– А почему ты не думаешь, что он так же убьет тебя?

– Потому что он захочет убить детей у меня на глазах.

Петра, не в силах с собой справиться, разразилась слезами и согнулась над клавиатурой.

– Ты прости, – сказал Боб. – Я не хотел, чтобы ты…

– Конечно, ты не хотел, чтобы я плакала. Я тоже не хотела плакать. Не обращай внимания.

– Не могу.

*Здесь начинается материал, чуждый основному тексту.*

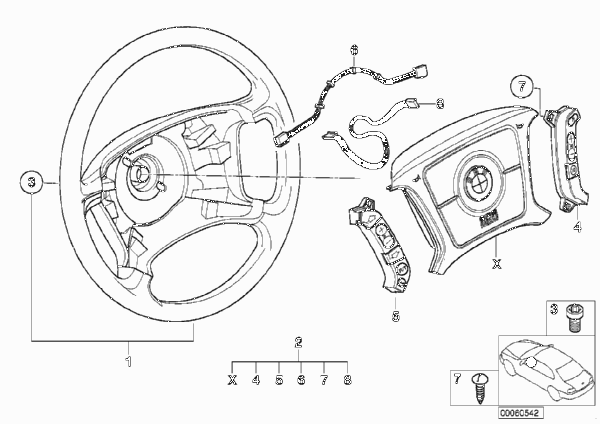 Многофункциональное рулевое колесо с НПБ для BMW E46 330xd M57 (схема запчастей)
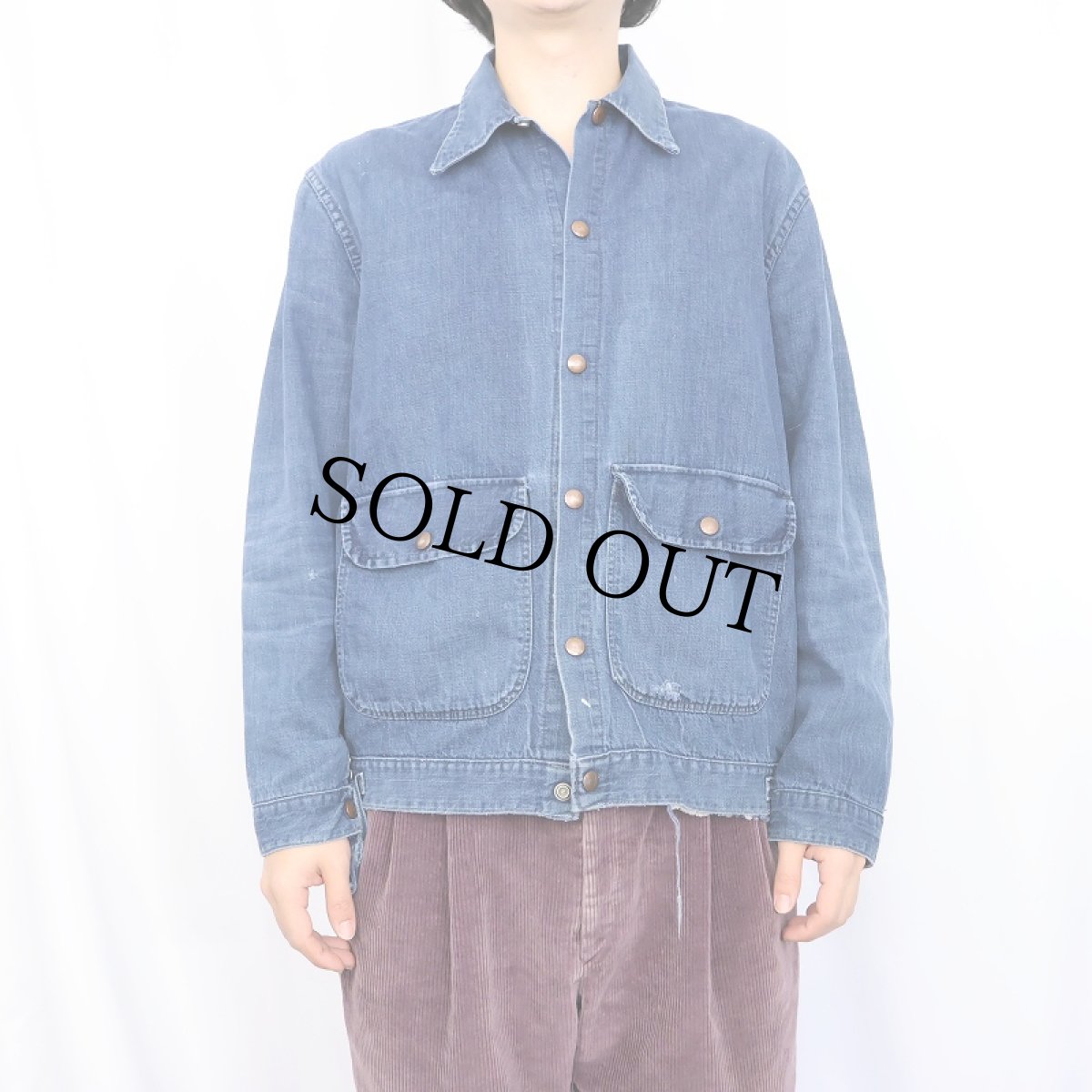 画像2: 〜70's UNKNOWN 裏ネル デニムカバーオール (2)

Я едва разбираю, что ты говоришь, а сейчас у тебя на клавиши сопля капнет.

– Это не сопля! – заорала Петра на Боба, потом тронула лицо рукой и убедилась, что он прав.

Она шмыгнула носом, рассмеялась, побежала в ванную, высморкалась и сама перестала плакать.

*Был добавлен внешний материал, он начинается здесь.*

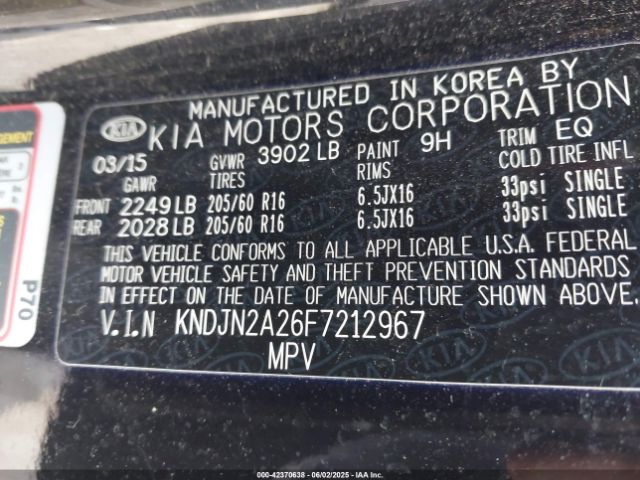 KNDJN2A26F7212967 KIA Soul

Когда она вернулась, Боб лежал на кровати, закрыв глаза.

– Ты прости, – сказала Петра.

– Это ты прости.

– Я знаю, что ты должен лететь один. Я знаю, что должна остаться. Все это я знаю, но мне это совсем не по душе, вот и все.

Боб кивнул.

– Так почему ты не ищешь? – спросила Петра.

– Потому что только что оно пришло.

Она подошла к его компьютеру и посмотрела на экран. Боб подключился к сайту аукционов, и объявление там было такое:

Требуется: доброкачественная утроба

Пять человеческих эмбрионов, готовых к имплантации. Родители – выпускники Боевой школы, погибшие в катастрофе. Владельцу необходимо сбыть их с рук немедленно. Вероятность рождения необычайно одаренных детей. Для каждого ребенка, успешно имплантированного и выращенного, будет установлен трастовый фонд. Кандидаты должны доказать, что не нуждаются в этих деньгах. Фонды для пяти победителей будут храниться в сертифицированной фирме до полной оценки предложений.

– Ты ответил? – спросила Петра. – Или предложил цену?

– Я послал запрос, в котором сообщил, что хотел бы получить все пять и прибыть за ними лично. Для ответа я дал ему один из своих почтовых ящиков.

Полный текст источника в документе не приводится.